More than two hundred years ago Jonathan Edwards
(1703-1758) addressed this sort of "Bible Roulette" when he
said,
Some that follow impulses and impressions
indulge a notion, that they do no other than follow the guidance of
God's word, because the impression is made with a text of Scripture
that comes to their mind. But they take that text as it is impressed
on their minds, and improve it as a new revelation to all intents and
purposes; while the text, as it is in the Bible, implies no such
thing, and they themselves do not suppose that any such revelation was
contained in it before....
If such things as these are revealed by the
impression of these words, it is to all intents a new revelation, not
the less because certain words of Scripture are made use of in the
case. Here are propositions or truths entirely new, that those words
do not contain...wholly different from those contained in the text of
Scripture....
This is quite a different thing from the
Spirit's enlightening the mind to understand the words of God, and
know what is contained and revealed in them...and to see how they are
applicable to our case and circumstances; which is done without any
new revelation, only by enabling the mind to understand and apply a
revelation already made.14
Rather than indulging impulses and impressions,
Edwards advises Christians to "take the Scriptures as our
guide." Without the final standard of Scripture the body of
Christ lies open to "woeful delusions and would be exposed
without remedy to be imposed on and devoured by its enemies."15
Edwards implores Christians "to be contented with the divine
oracles — that holy pure word of God, which we have in such
abundance and clearness":
Why should we desire to have any thing added to
them by impulses....Why should we not rest in that standing rule that
God has given to his church, which the apostles teach us (2 Peter
1:12-21) is surer than a voice from heaven?
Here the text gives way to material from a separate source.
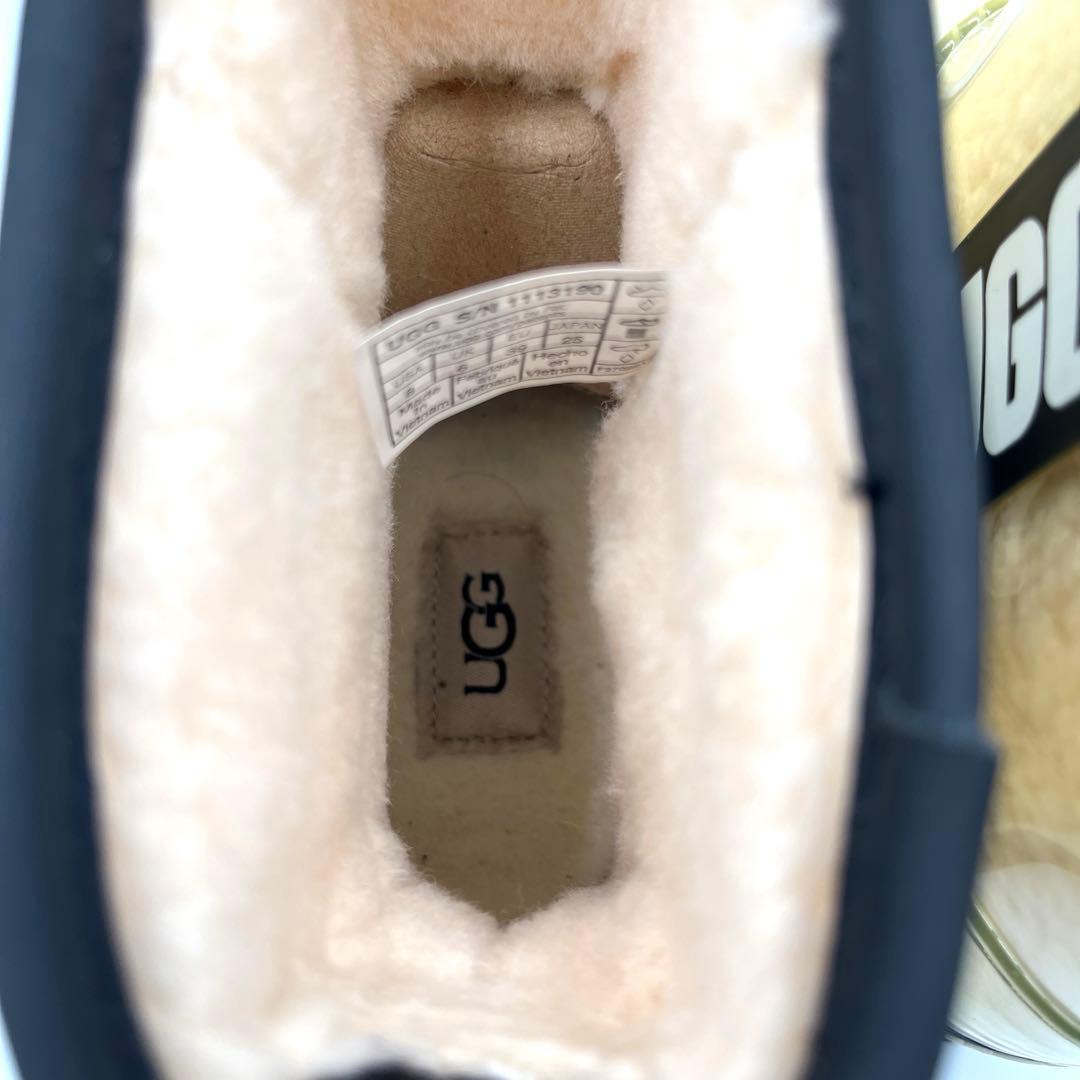 【新品未使用】UGG CLASSIC CLEAR MINI アイボリー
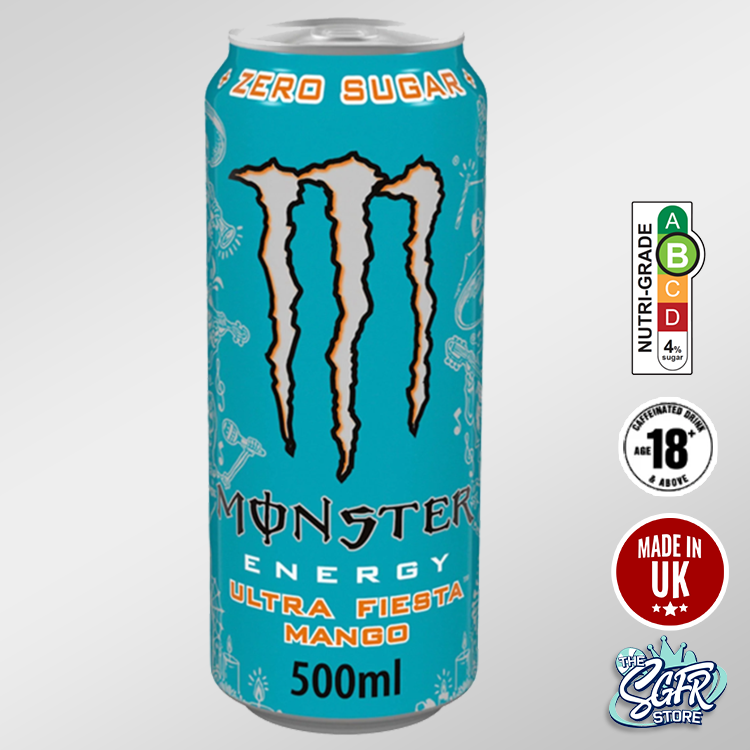 Monster Energy Ultra Fiesta Mango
They who leave the sure word of prophecy —
which God has given us a light shining in a dark place — to follow
such impressions and impulses, leave the guidance of the polar star to
follow a Jack with a lantern.16
Ryle is not alone in leaving "the guidance
of the polar star" to follow "a Jack with a lantern." A
host of others have followed in his footsteps.
A GREAT APOSTASY
Ryle's deceptions are not limited to visionary
hoaxes. They extend to revisionary history as well. As Ryle has
exchanged God's enduring revelation for his own erroneous revelations,
so, too, he has exchanged historical realities for historical
revisionism.
In this, too, Ryle is not alone. In teachings,
transcripts, tapes, and television appearances, men like John Arnott
(Toronto Airport Vineyard), Guy Chevreau (Catch the Fire), Gerald
Coates (Holy Trinity, Brompton), Patrick Dixon (Signs of Revival), and
a host of other Counterfeit Revival proponents are actively deceiving
devotees by revising history. Their primary ploy is to persuade people
that sardonic laughter, spasmodic jerks, slaying in the spirit, and
other "enthusiasms" were not only pervasive in the First
Great Awakening (the widespread revival of personal faith in Christ
that took place in 18th century colonial America) but were promoted by
such historical heavyweights as Jonathan Edwards (popularly cited as
one of the greatest theological minds produced in America).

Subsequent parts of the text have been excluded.